Something to note about the RAID controller: I’m 99% sure that when flashed into IT mode, this will support the drive configuration I’m planning on implementing. I believe this controller was originally intended to only support two logical volumes comprised of up to four physical disks each. As I learn more, I’ll document/post it here. Worst case scenario, I stick with my two drives and upgrade the RAID controller to an H700 or H800 when I order more HDDs.
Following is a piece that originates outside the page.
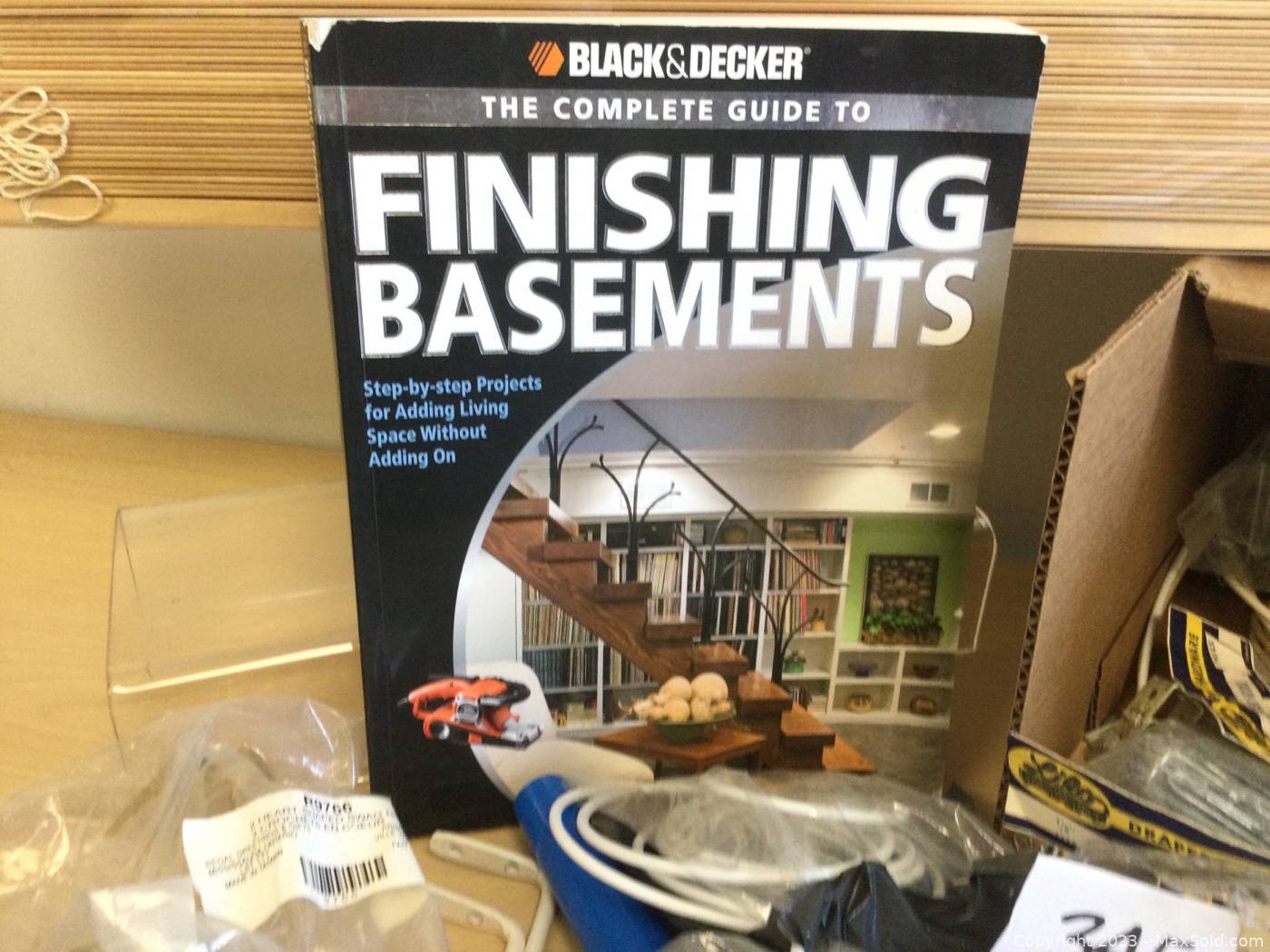 Black & Decker The Complete Guide to Finishing Basements: Step-by-step  Projects for Adding Living Space without Adding On (Black & Decker Complete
Optical Disk Drive to HDD Caddy 

After discussing my plans on a few forums, it was recommended that I run my hypervisor (VM manager) on a flash drive or SSD. I don’t want to burn one of my drive bays on a 2.5″, small capacity SSD, and I definitely don’t want a USB flash drive hanging out the front of my SSD (even with the tiny models out now, it wasn’t worth it to me), so what do I do? I remove the blank for the optical drive from the front of my server and replace it with an SSD in a charming optical drive look-alike. Listing here.

Crucial 64GB SSD 

This is only kind of cheating – I already had this SSD lying around after I upgraded my main PC a few years ago. This should be just enough space to install my hypervisor and get things going. Practically any SSD with a SATA interface can accomplish this, so find whatever’s affordable and reliable if you’re piecing together your own build.

Dell GP703 Optical Drive SATA Cable

My R710 listing didn’t specify if it came with an optical disk drive or not, so I played it safe by buying the specific cable needed. Since most servers don’t have the same kind of PSUs and cabling, any old SATA cable wouldn’t have done. It was pretty cheap (listing here), and even if I ended up not needing it – I did – it would have been a nice insurance policy.

What’s Next? 

I had hoped on getting everything set up and running this weekend, but because I need to wait on Amazon to deliver my M246M cables, that’ll have to wait for another day. In the next few posts, I’ll cover hardware set up and installation, updating/flashing the firmware and BIOS on the parts that need it, and start getting hot and heavy with a baremetal hypervisor installation. After that, I can start really getting into setting up some VMs and knocking out some other projects I’ve got planned.